0

I'm looking to clean name columns by removing any numeric or special characters from the column values and leaving only alphabetic values (A-Z).

I've tried this so far to make the column all uppercase and trim leading/trailing whitespaces:

upper(trim([Name])) [Name]

I'm stuck on how to proceed from here, any help is appreciated!

TeflonMusk
  • 130
  • 8
  • 2
    This isn't particularly easy on SQL Server. What version are you using? Also, assuming that names only include the characters A-Z is a poor assumption. They don't. – Thom A Dec 02 '21 at 16:56
  • This is really something that should be done pre saving to the DB. In a UI layer for example. You can use Regular Expressions (depending on SQL version can build your own with CLR functions). – Brad Dec 02 '21 at 17:00
  • regular expression replace is very powerful in Oracle, but have big limitations in sql server. try to look in the link below, its been answered here https://stackoverflow.com/questions/1007697/how-to-strip-all-non-alphabetic-characters-from-string-in-sql-server – NNM Dec 02 '21 at 17:04
  • 1
    check this answer https://stackoverflow.com/a/26506268/9925593 – Pato Dec 02 '21 at 17:04
  • What is the datatype of `Name`? if `varchar` it might be viable to construct a `TRANSLATE` with all the unwanted characters replaced with a known one and then `REPLACE` to get rid of it. If `nvarchar` there would be too many "bad" characters though – Martin Smith Dec 02 '21 at 17:08
  • @MartinSmith It is varchar, can you explain more about this process/include psuedocode – TeflonMusk Dec 02 '21 at 17:10
  • `varchar` supports 256 characters.

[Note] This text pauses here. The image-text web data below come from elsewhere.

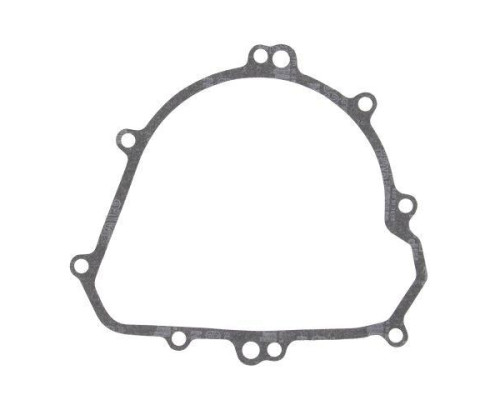 WINDEROSA (VERTEX) ПРОКЛАДКА КРИШКИ ГЕНЕРАТОРА KAWASAKI KL250 SUPER SHERPA 00-10, KLX250R 94-96, KLX250S 06-20, KLX250SF 09-10, KLX300(R) 97-20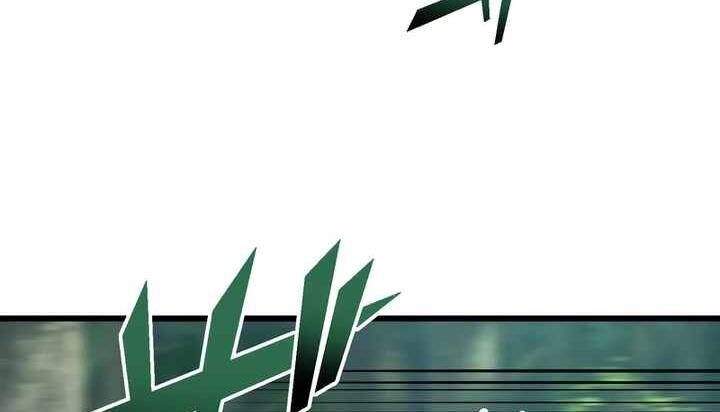 Sát thủ mạnh nhất chuyển sinh sang thế giới khác - Chapter 53 - Page 181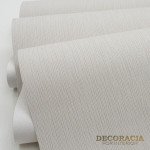Wallpaper 454664 Sintra Macrame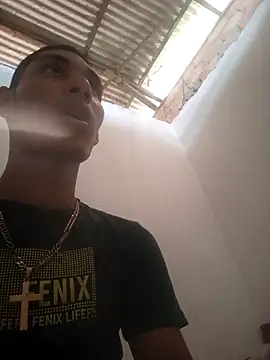 gingavi online show from January 17, 4:00 pm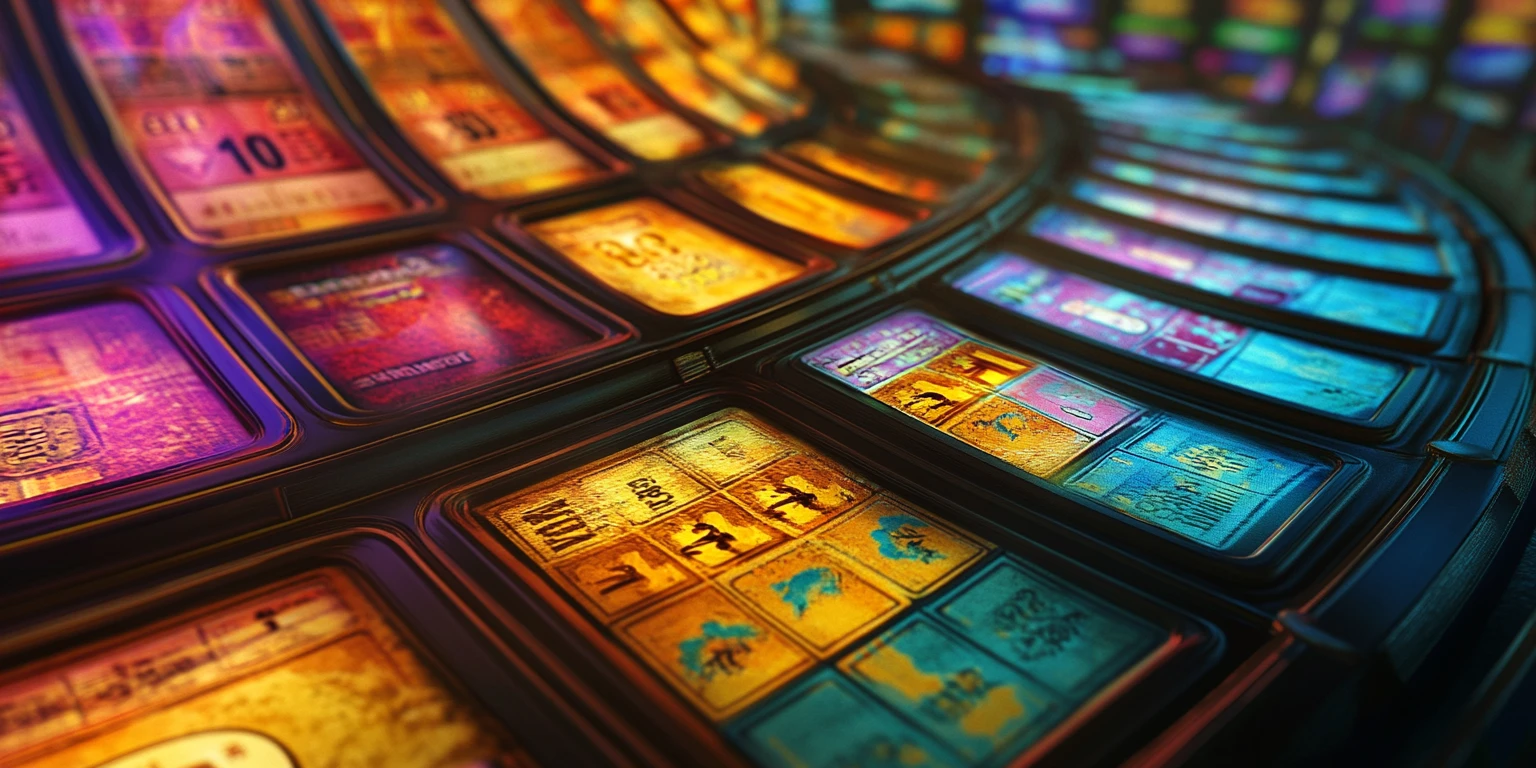 Khám Phá Bet11: Nền Tảng Cá Cược Bóng Đá Hàng Đầu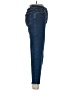 RE/DONE Tweed Blue Jeans Size 30 waist - photo 4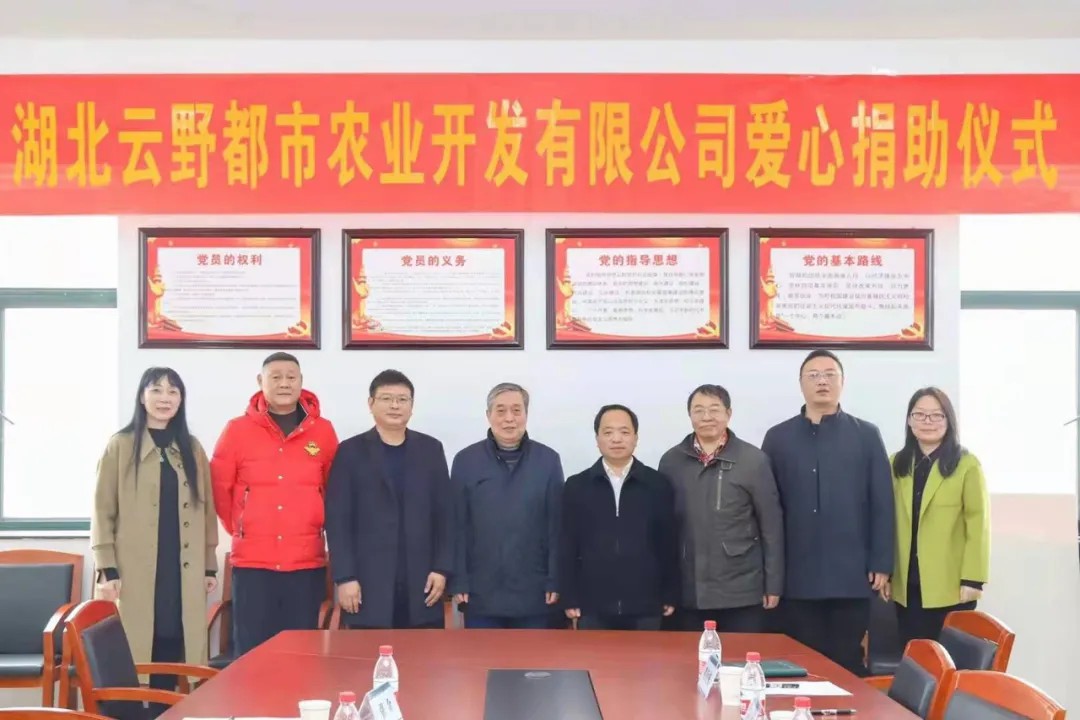 问鼎娱乐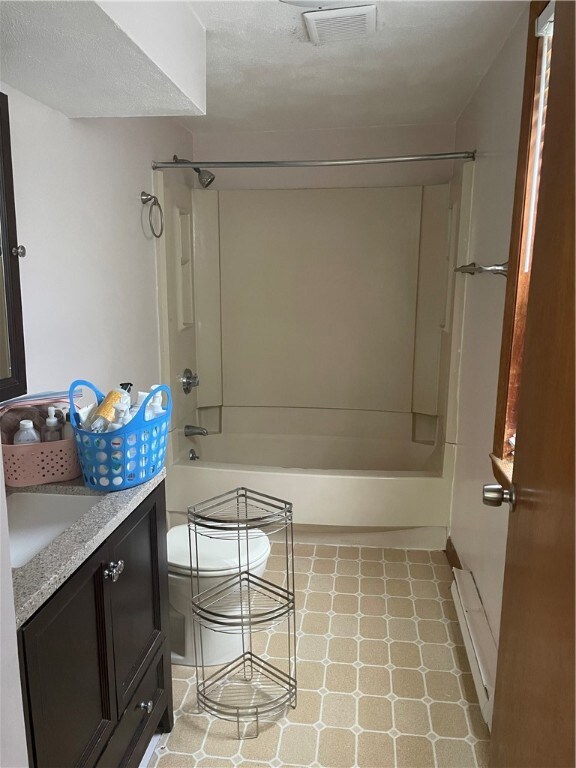 42 Fremont St unit 1, Providence, RI 02906 - photo 5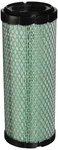 Donaldson P831424 Filter. Fixed Price $37.99.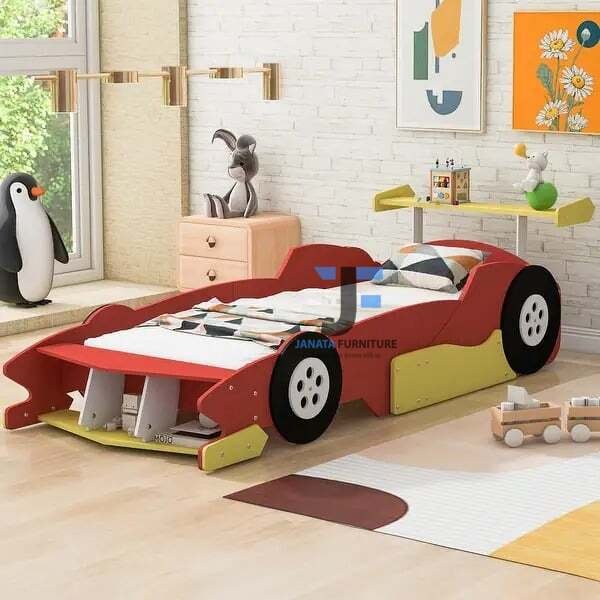 W-JFW1125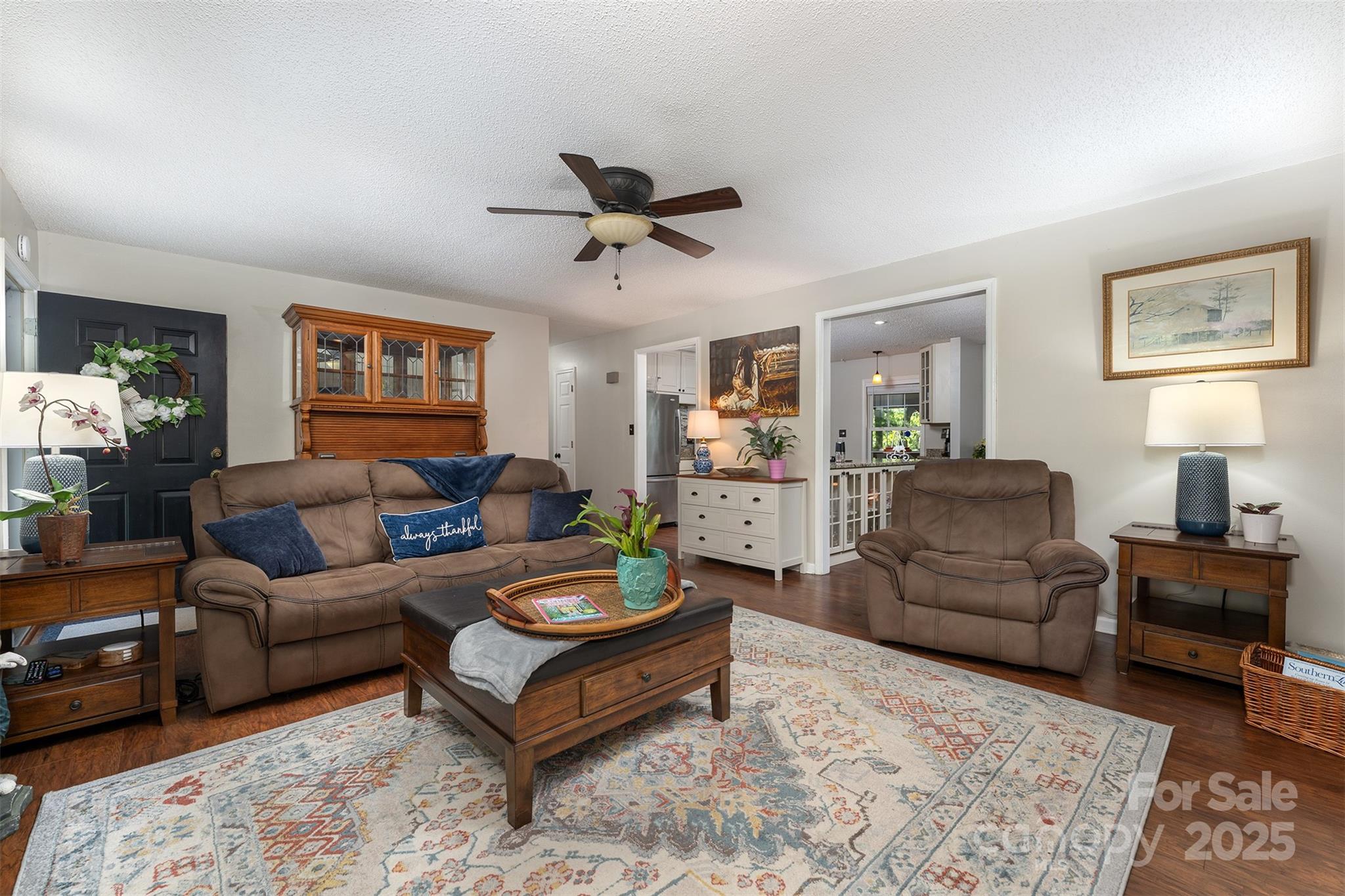 26 Foxberry Drive Arden NC 28704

So construct a [`TRANSLATE`](https://learn.microsoft.com/en-us/sql/t-sql/functions/translate-transact-sql?view=sql-server-ver15) with the `characters` string being the 204 non English alphabet characters in your collation code page and a `translations` string being `SPACE(204)` - then replace spaces with an empty string – Martin Smith Dec 02 '21 at 17:12
  • @lptr - that's a nice solution! – Martin Smith Dec 02 '21 at 17:17
  • 1
    If these are names of people though you should not be doing this as Larnu comments. – Martin Smith Dec 02 '21 at 17:18
  • @MartinSmith .. the code will fail if there is a space before a letter and no more non-letter characters after the letter ..eg 'abc@#£&*() z' – lptr Dec 02 '21 at 17:27
  • Thanks all, I ended up using @Pato 's linked solution and it worked like a charm. The only modification I made was add 'space' to the 'KeepValues' variable to account for middle names. – TeflonMusk Dec 02 '21 at 17:34
  • Oh dear, my name is `Anne-Marie O'Brien-Macdonald`, so that becomes `AnneMarie OBrienMacdonald`, which is just ridiculous, see https://www.kalzumeus.com/2010/06/17/falsehoods-programmers-believe-about-names/ – Charlieface Dec 02 '21 at 18:43
  • @Charlieface this fixes this partially Set KeepValues = '%[^a-z^ ^-]%' but, the ' is an interesting case for sure. On one part, I don't want random, error entries of ' in the name, but I don't want to exclude legitimate cases of the ' use. – TeflonMusk Dec 02 '21 at 18:48
  • Fix the problem at source: if someone is constantly entering incorrect names then fire them. It's simply impossible to clean up this kind of data afterwards – Charlieface Dec 02 '21 at 18:49
  • @Charlieface in this job market?! – TeflonMusk Dec 02 '21 at 19:20
  • In this economic climate if your company would rather pay you so much more per hour to fix the data entry operator's issues I'd be considering looking elsewhere for work because they're not spending efficiently. – AlwaysLearning Dec 03 '21 at 00:06
  • @lptr - if you promote your comment to an answer I'll remove my one – Martin Smith Dec 03 '21 at 10:12
  • 1
    @MartinSmith…your answer is fine and it is better than my comment. – lptr Dec 03 '21 at 11:31

1 Answers1

1

Firstly if this is for peoples' names then this is a terrible idea.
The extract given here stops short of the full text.